THE TASK:
Print a faithful copy of the data below, word for word, with the pictures left out.

DATA EXCERPT:

* * * *

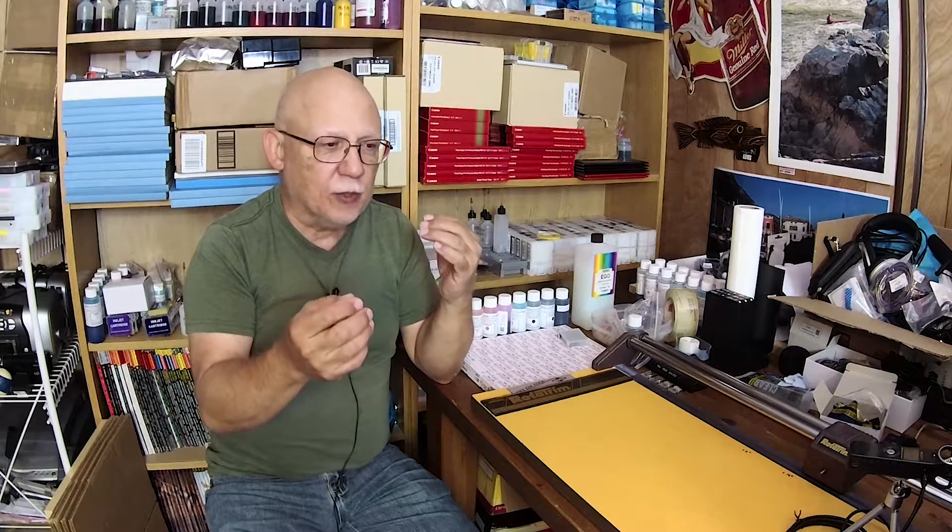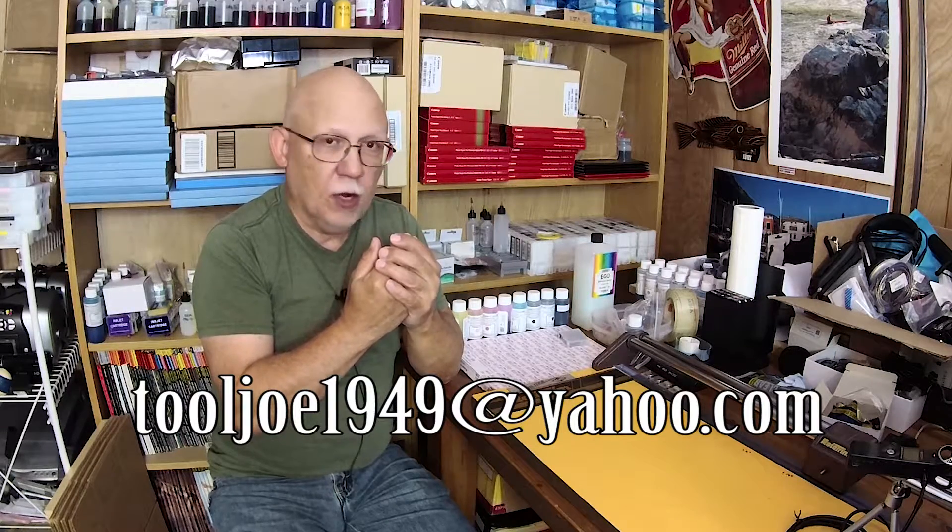A lot of people have been asking me private questions through the YouTube messaging service, and that's fine. But often the information is very valuable and should be made public. If you need to reach me privately, you can email me at tooljoe1949@yahoo.com. But if you have a question about printing, techniques, tricks, or problems, I would suggest posting them publicly — people will really benefit from the discussion.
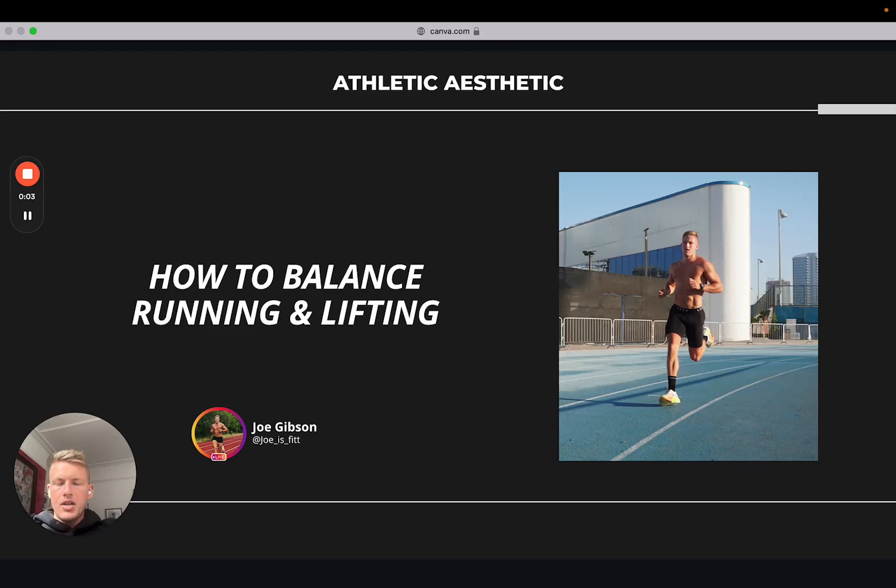Okay guys, back again with another educational style video today. Alongside the vlog content I'm putting out consistently at the moment — specifically the summer shred series, if you haven't watched those videos go check them out on the channel, documenting my fat loss phase this summer — I'm going to aim to put out an educational style video every week, because this is the core of what I do and what we help clients with inside my coaching program, Athletic Aesthetic.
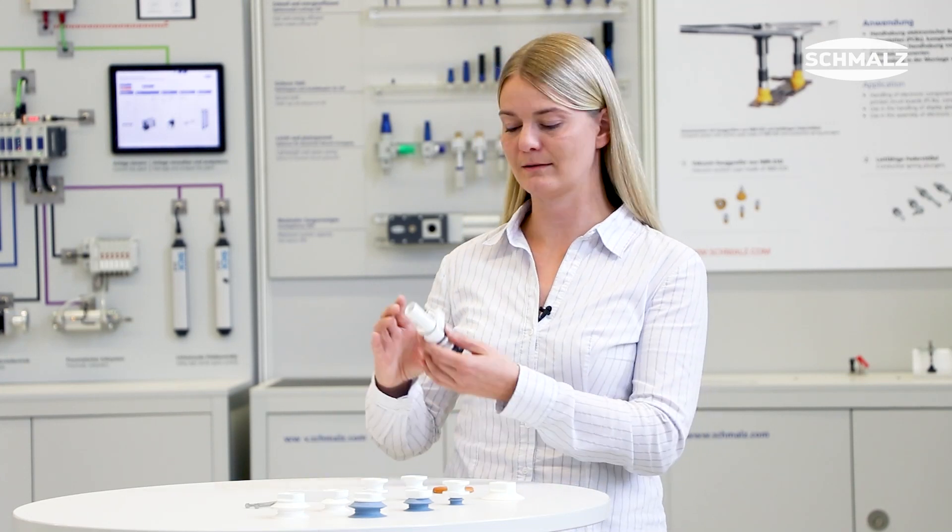Do you have to handle dry or frozen products and you have to clean your product line from time to time to fulfill the cleaning requirements? Then we have the solution: our Schmalz SFG gripper for handling of dry and frozen products.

* * * *

YOUR SOLUTION:
A lot of people have been asking me private questions through the YouTube messaging service, and that's fine. But often the information is very valuable and should be made public. If you need to reach me privately, you can email me at tooljoe1949@yahoo.com. But if you have a question about printing, techniques, tricks, or problems, I would suggest posting them publicly — people will really benefit from the discussion.
Okay guys, back again with another educational style video today. Alongside the vlog content I'm putting out consistently at the moment — specifically the summer shred series, if you haven't watched those videos go check them out on the channel, documenting my fat loss phase this summer — I'm going to aim to put out an educational style video every week, because this is the core of what I do and what we help clients with inside my coaching program, Athletic Aesthetic.
Do you have to handle dry or frozen products and you have to clean your product line from time to time to fulfill the cleaning requirements? Then we have the solution: our Schmalz SFG gripper for handling of dry and frozen products.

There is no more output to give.